What I want:
I'm broke and dumb, so I want an user-friendly and cheap printer that all my homies can use.
The market is full of overpriced 3D printers that are a pain in the chucks to learn and use (maybe just like conventional printers at this point, lol) with filaments that are super expensive and hard to make at home (at least for my country's currency, the dollar is 5x the value of my country's currency).
What I could find:
- There is the "Oasis 3DP", a inkjet that wets powder to print coloured 3d objects, but the objects are quite brittle and fragile (there are people that suggested to replace the powder with cement tho).
- And I found this DIY that converts a creality 3D into a conventional printer, but I don't think the results are that precise. Not to insult the creator (the project is awesome), but the actuators used are piezoelectric actuators, not inkjet nozzles.
- Some time ago I found a 3D printer company that made a method to use UV resin to print lenses, it is just a super precise inkjet printer that shines an UV light to harden the droplets.
Obviously, You can't just buy one of these, but this informational video is quite useful. - There are a ton of papers on the subject of resin printers, but I find this articlequite interesting, because it shows a method of changing the mechanical properties of the print by changing the amount of Silicon and Epoxy Resin.

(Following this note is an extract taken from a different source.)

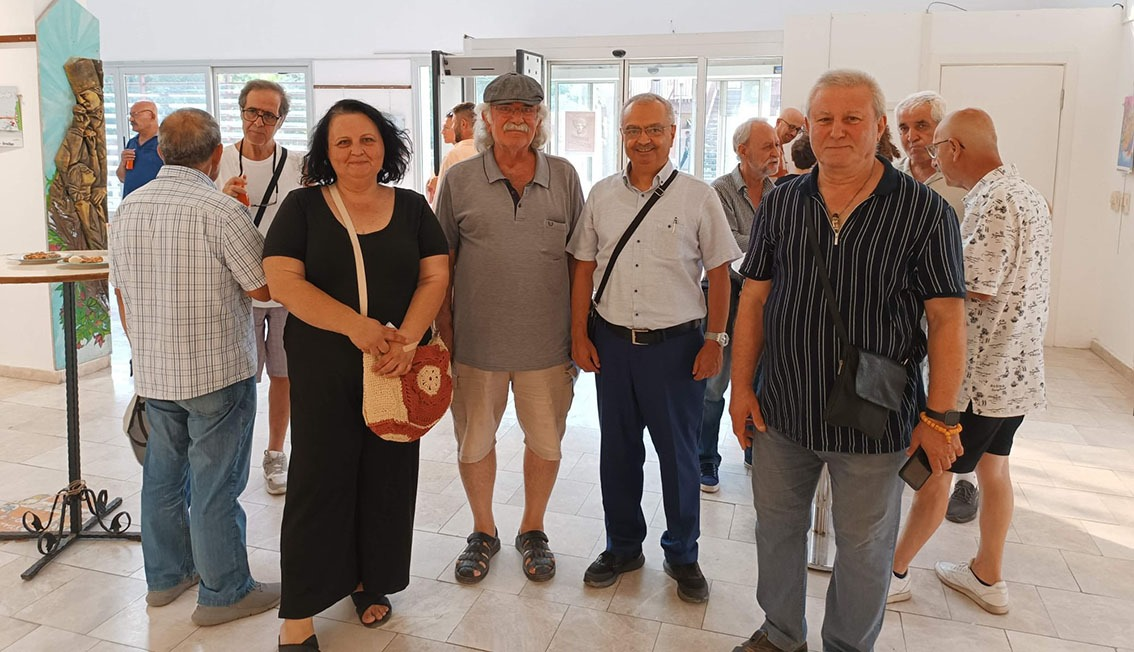 Dünya çizerleri Seferihisar'da buluştu: Ekoloji temalı sergi büyük ilgi görüyor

- And this video about how Inkjet printers work can be insightful.
What I thought on so far:
First I thought on, just like the company, on using UV hardening resin for the printer. It simply spits the droplets and then the Printer hits it with a small UV light.

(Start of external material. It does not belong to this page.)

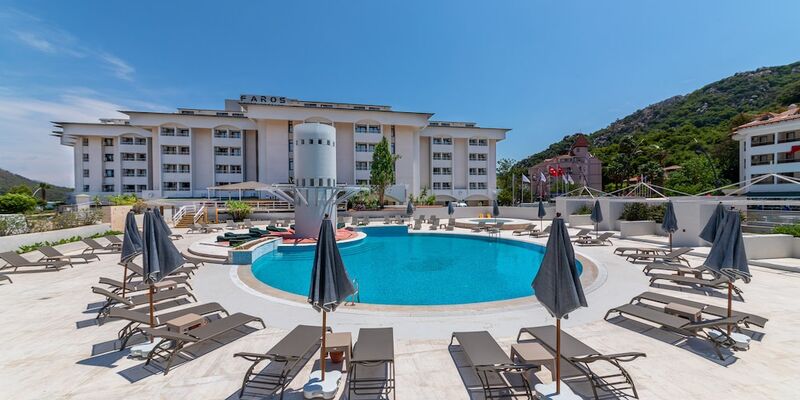 Faros Premium Beach Hotel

But in that case, I would need a UV activated Resin, and UV activated resins are expensive (at least on my country) and only sold to be used in laser resin 3D printers.
So the point of being cheap would be thrown out of the window.

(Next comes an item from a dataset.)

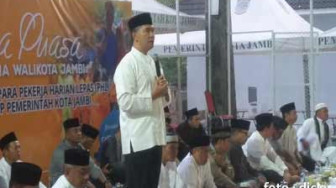 Fasha Buka Bersama dengan Para Penjaga Kebersihan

Then I came to believe the best choice is to replace the variety of colours of a conventional Inkjet printer with resins. Like a "colour 1 - magenta" for the resin and the hardening element as a "colour 2 - cyan", so they are added simutanesly.
Of course, this allows for more options of materials and even colours to be added if you simply increase the number of printing nozzles. Materials like Epoxy, Silicon, Sodium Silicate, oil (to lubricate mechanical pieces) and even edible stuff (pasta? Chocolate?).
If you can, you should try to get Epson printers, rather than Canon or HP, since they use an actual piezo pump print head, as opposed to the bubble jet system of HP et al. I like your idea of printing the two parts of an epoxy with separate "colors", instead of using expensive UV resins.